What Makes Chicago Hot Dogs Different?

At first glance, a hot dog might seem like a simple street food or barbecued meat, but in actuality, there are upwards of 40 ways the world makes awesome hot dogs — and all of them are unique in their own way. One regional hot dog style that stands out for its pop of flavors, appearance, and textures hails from Chicago. What makes a Chicago hot dog different from the rest? Its inclusion of crunchy veggie toppings and brightly colored condiments.

Chicago's signature frankfurter is often referred to as 'dragged through the garden' because it is literally piled high with veggies. This style of dog is said to have been created to bulk up the links with healthy ingredients during the Great Depression. And its heartiness delivers — when you order a hot dog in Chi-Town, you can expect the frank to be topped with bright yellow mustard, greener-than-the-garden pickle relish, and chopped onion. 

Then, it's wedged with tomatoes and pickle spears on either side between the dog and the bun, and completed with pickled sport peppers (also a regional favorite) and celery salt. The result is a full-on meal when you bite into the all-beef hot dog, perfectly steamed or charred and stacked on its signature pillowy steamed poppyseed bun. 

The Chicago dog was created to be filling and cheap

The Windy City is well-known for its quality regional dishes, including Chicago-style pizza and its beloved frankfurters. The Chicago hot dog, also known as the 'Depression sandwich,' was originally created to feed working-class people for as cheap as a nickel. A famed and long-lost establishment called Fluky's was the first to sell the veggie-piled frank complete with mustard, lettuce, tomato, onions, and pickle relish. What followed was the garden dog's tasty popularity largely thanks to the need to find creative and affordable ways to fill people up fast. 

The influx of this hearty hot dog rendition built upon the Windy City's already thriving meat and food production industry. A rich history of German immigration to the state had already put hot dogs on the map, and by the time the Depression sandwich came around, the Vienna Beef company (started in 1893) became a key component of the classic sandwich. The Vienna Beef sign used by many stands and shops to this day indicates that the all-beef Polish sausage brand still is the weiner of choice for purveyors of the Chicago hot dog.      

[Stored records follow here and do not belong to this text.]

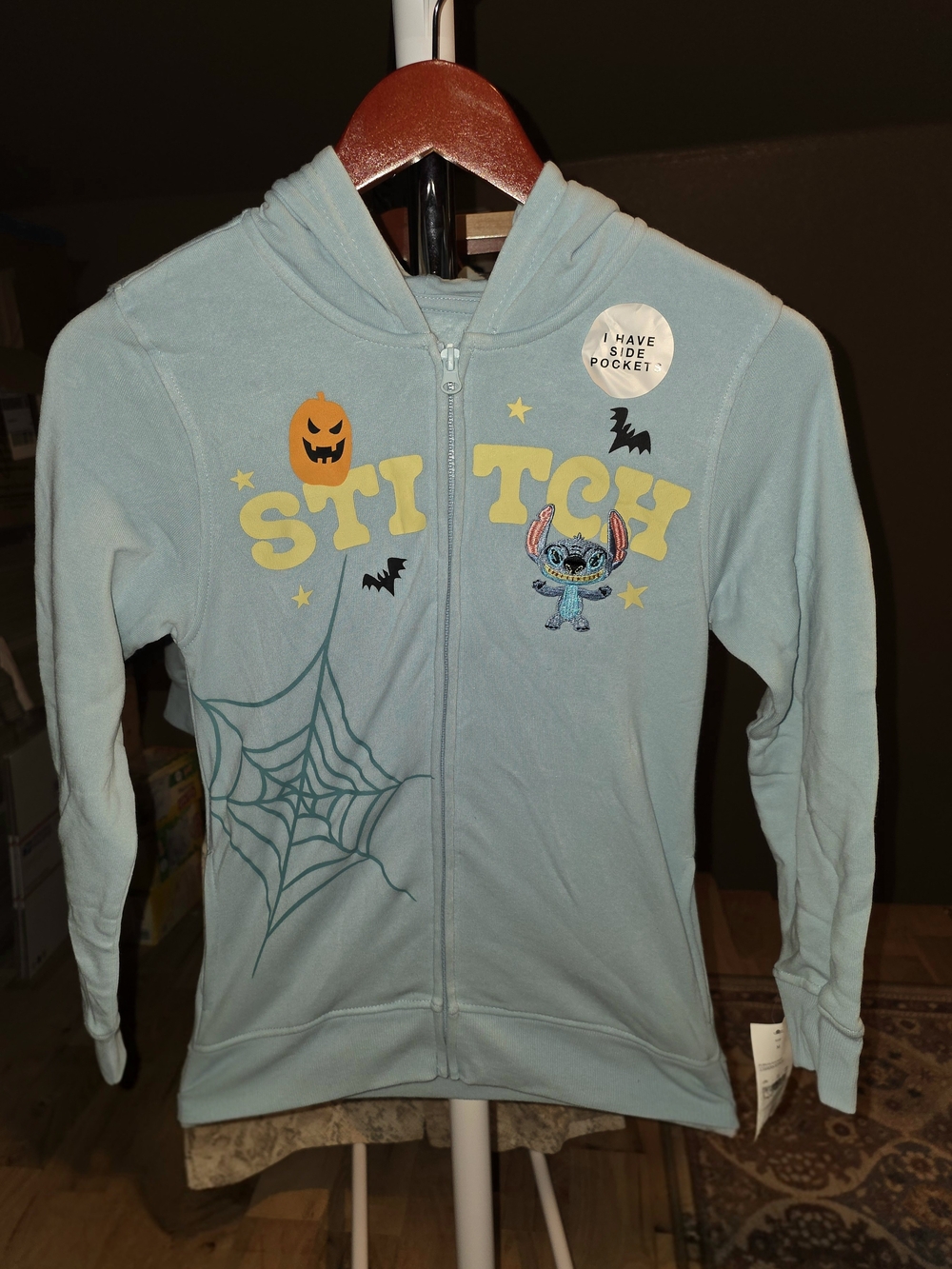 Disney Kids Blue Stitch Zip Hoodie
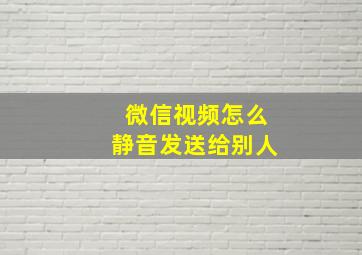 微信视频怎么静音发送给别人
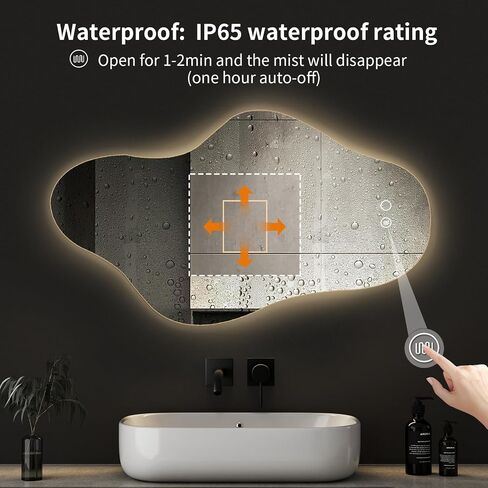 Modern Irregular LED Bathroom Mirror with Lights, Asymmetrical Frameless Smart Lighted Wall Mirror for Living Room Entryway, Large Decorative Makeup Vanity Mirror with Touch Switch(31.5″x55.1″) in Saudi Arabia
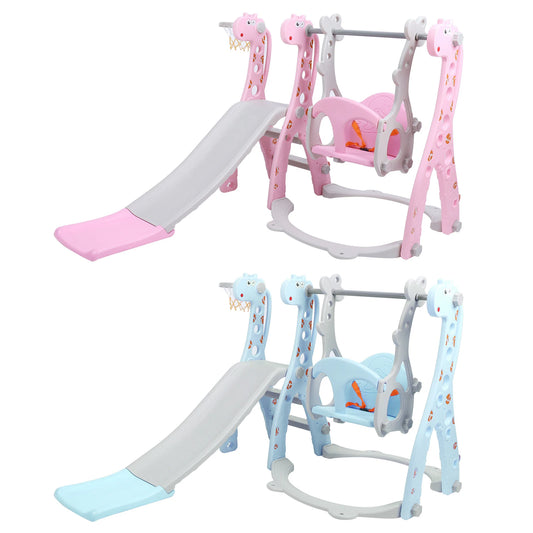 🛝 3-in-1 Toddler Slide & Swing Set with Basketball Hoop – Indoor & Outdoor Fun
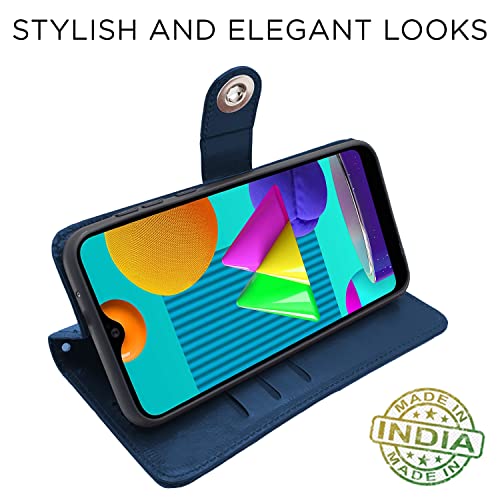 Image of Pikkme Samsung Galaxy A54 5G Flip Cover Leather Finish | Inside TPU with Card Pockets | Wallet Stand and Shock Proof | Complete Protection Button Flip Case (Blue)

The regional specialty has evolved since its inception

Though some say not to mess with tried-and-true food traditions, along with the city's growing food scene, Chicago hot dogs have evolved past their working-class origins. Today, you'll be hard-pressed to find lettuce on the dog. There are some steadfast rules like never including ketchup, but otherwise, there's usually room for interpretation. For instance, what began as a simple and filling dog served with no sides now is often accompanied by an order of fries. Certain shops like Gene & Jude's in the suburbs even serve up the dog with spuds piled directly onto the bun. 

When it comes to questions like whether the frank is best steamed or charred, some shops prefer steamed to achieve the perfect snappy bite. Then there are others, like Fatso's Last Stand, who are famous for their signature charred version.

Other institutions, like Jim's Original, go as far as to grill the onions for their Polish Sausage Sandwich. Today, some gourmet restaurants in the city are taking homemade hot dogs to a whole new level by mixing different types of meat into the sausage or adding inventive toppings. You can order plant-based versions that take the 'garden' in 'garden dog' seriously, like the Veggie Lover at Devil Dawgs. However your hot dog is prepared, if it's Chicago-style, it will be piled high with brightly colored and crisp vegetable toppings.